1: X kopiert plötzlich die Art von Y zu kommunizieren, benutzt die gleichen Floskeln, Betonungen und Gesten, obwohl auffällt, dass dieses Verhalten nicht zu ihm passt. Y spürt, dass X sich anders verhalten will und bei seinen Versuchen X wieder zu seinem gewohnten Verhalten zu bringen entsteht bei Y Wut und Verzweiflung, weil X sich immer mehr in unwirkliches Verhalten stürzt und außerdem erkennt Y, dass sein Verhalten kopiert wird und fühlt sich nicht ernst genommen, bloßgestellt oder gar lächerlich gemacht.

2: X erkennt, wie er sich Y gegenüber verhalten muss, um Y dazu zu bringen, Dinge von sich preiszugeben, behält aber für ihn betreffende Gespräche sein gewohntes Verhalten bei.
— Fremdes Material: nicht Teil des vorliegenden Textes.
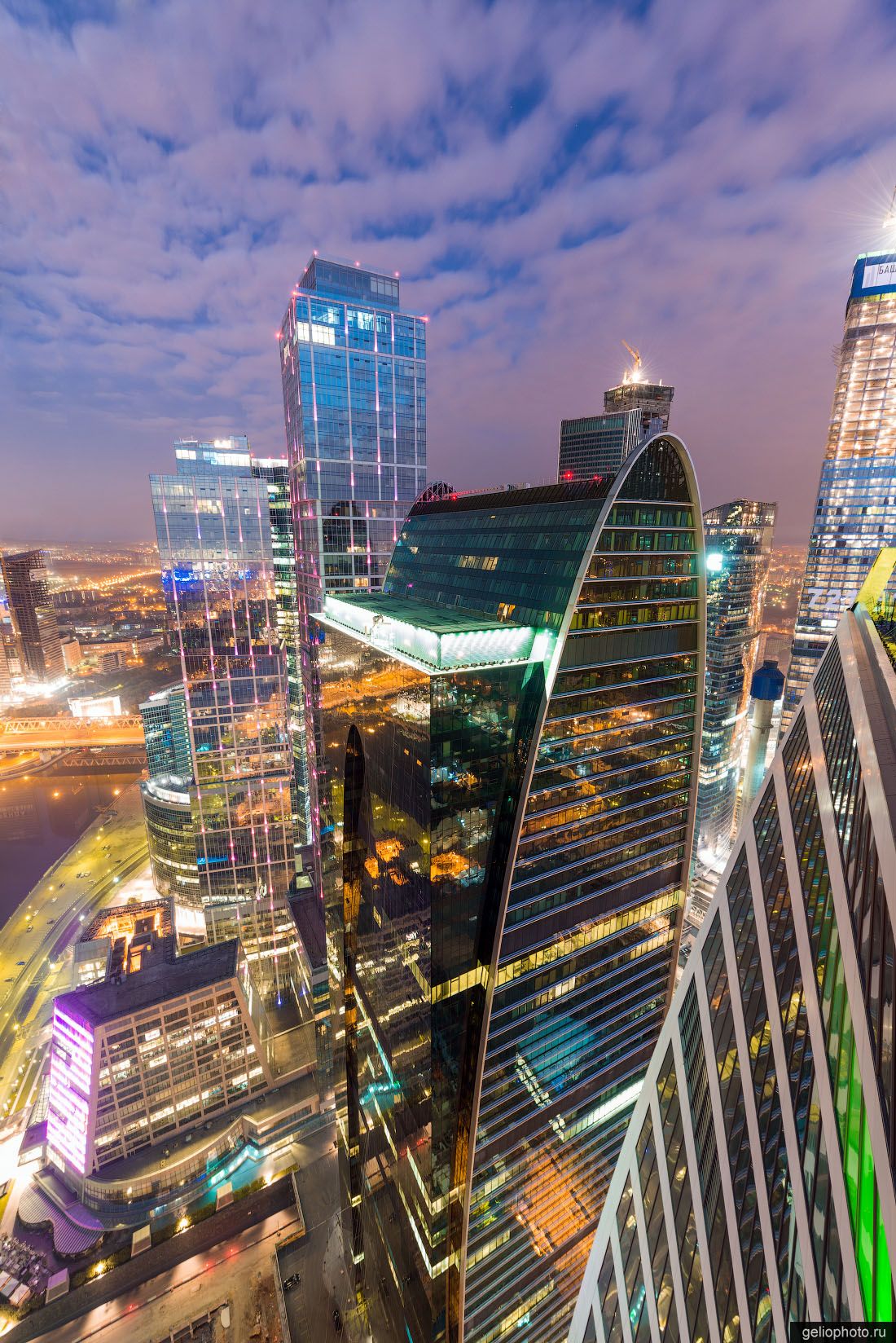 Деловой комплекс Империя в Москва-Сити фото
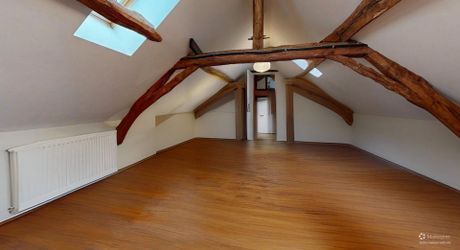 Il était une fois…un domaine secret en Périgord Noir Avec une maison principale, 2 chambres d’hôtes et 2 gîtes, proche des commodités.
Y erkennt die Veränderung bei X und nimmt an, dass diese sich auf jede Art von Gespräch beziehen und wird immer wieder frustriert, weil er an Gesprächen mit X über X wieder und wieder scheitert, fühlt sich aber nicht in der Lage, das für X angenehmere Verhalten zu zeigen, weil er es selbst schrecklich finden würde, wenn man so mit ihm kommunizieren würde.

Obwohl die Beispiele überspitzt sind, finden wir sie unseren Gesprächen immer wieder ähnlich vor. Besonders auf Partys ärgern wir uns oft über Gespräche und wissen eigentlich nicht so recht warum, denn den Inhalt fanden wir eigentlich inspirierend. Man macht sich selten klar, warum man mit einem Menschen nicht gut zurecht kommt, den alle anderen für wahnsinnig sympathisch halten, aber meist liegt es daran, dass man keine Form der Kommunikation gefunden hat mit der beide gut zurecht kommen. Egal, wieviel Mühe wir uns geben, es wird Menschen geben mit denen wir nicht wirklich reden können, bei manchen scheitert es am Inhalt bei manchen an der Form bei anderen an beidem. Aber wir können versuchen bei Gesprächen, die uns wichtig sind, bewusster zu kommunizieren um Missverständnisse zu vermeiden.
Wenn wir wirklich wissen wollen, was uns der andere zu sagen hat, werden wir es auch irgendwann erfahren und manchmal ist es dafür wichtig über unseren Schatten zu springen und einander entgegen zu kommen.